The records below must be transcribed exactly. Do not include the pictures.

**** Information

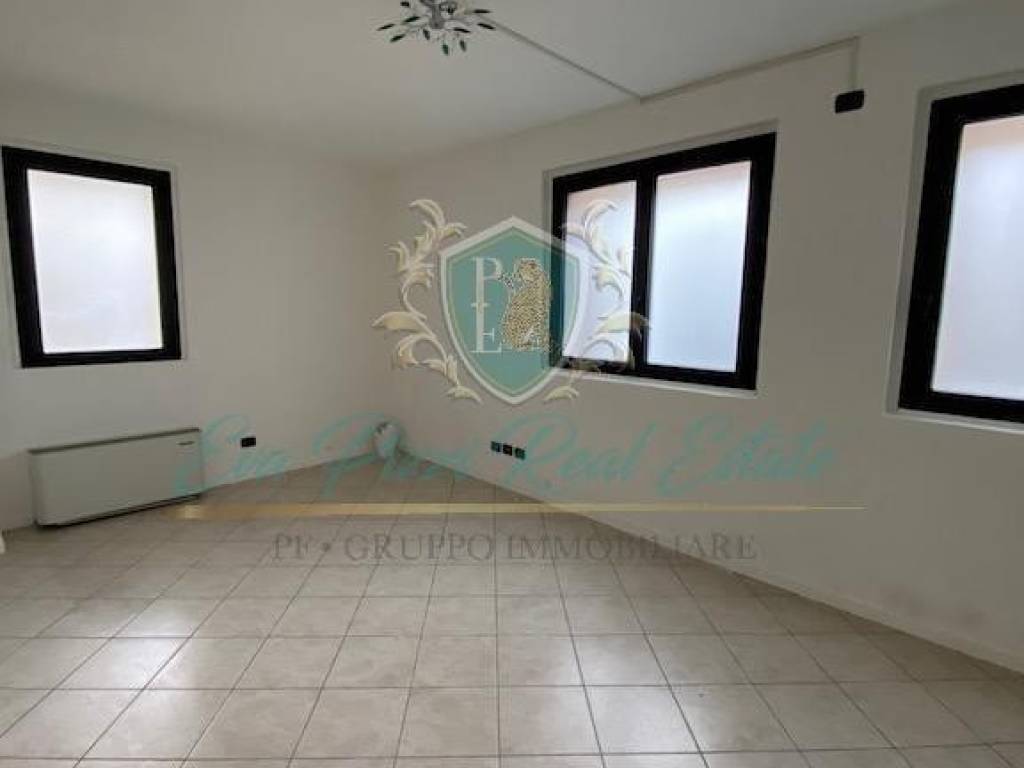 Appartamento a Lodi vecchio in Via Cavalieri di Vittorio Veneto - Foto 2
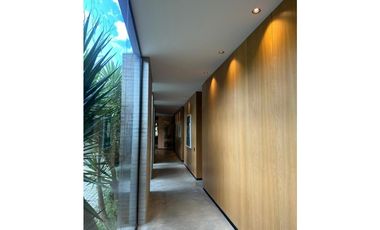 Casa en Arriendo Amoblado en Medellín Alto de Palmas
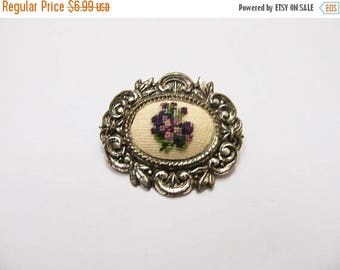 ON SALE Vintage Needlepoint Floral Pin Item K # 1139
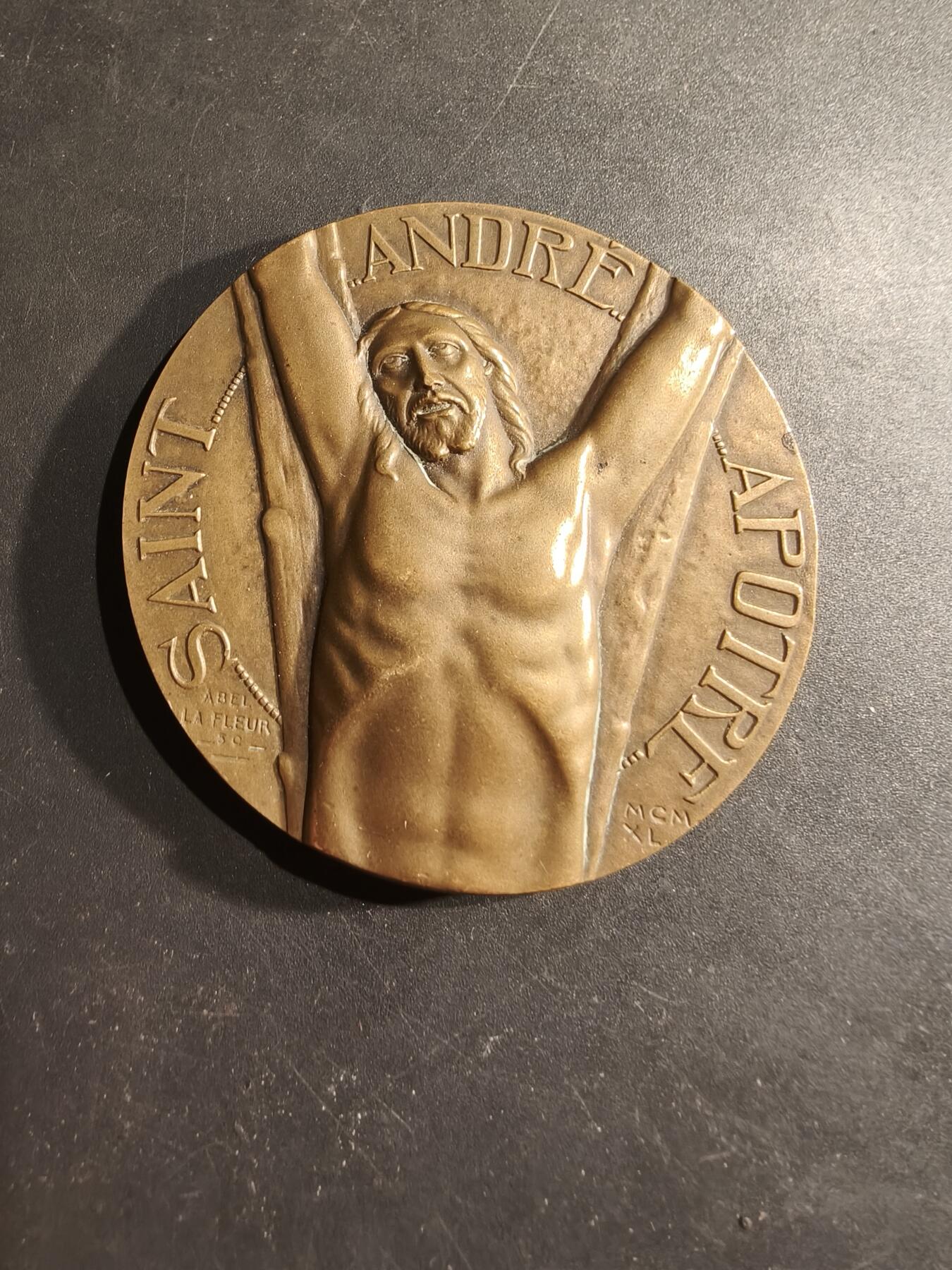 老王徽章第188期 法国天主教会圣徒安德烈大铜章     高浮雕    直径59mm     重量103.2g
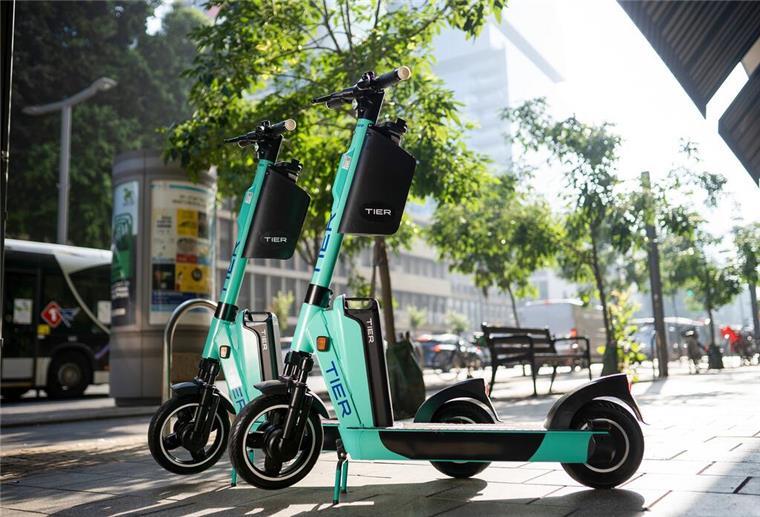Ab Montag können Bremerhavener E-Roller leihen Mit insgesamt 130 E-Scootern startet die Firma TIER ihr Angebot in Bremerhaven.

********

#### [Written answer]
 Appartamento a Lodi vecchio in Via Cavalieri di Vittorio Veneto - Foto 2
 Casa en Arriendo Amoblado en Medellín Alto de Palmas
 ON SALE Vintage Needlepoint Floral Pin Item K # 1139
 老王徽章第188期 法国天主教会圣徒安德烈大铜章     高浮雕    直径59mm     重量103.2g
Ab Montag können Bremerhavener E-Roller leihen Mit insgesamt 130 E-Scootern startet die Firma TIER ihr Angebot in Bremerhaven.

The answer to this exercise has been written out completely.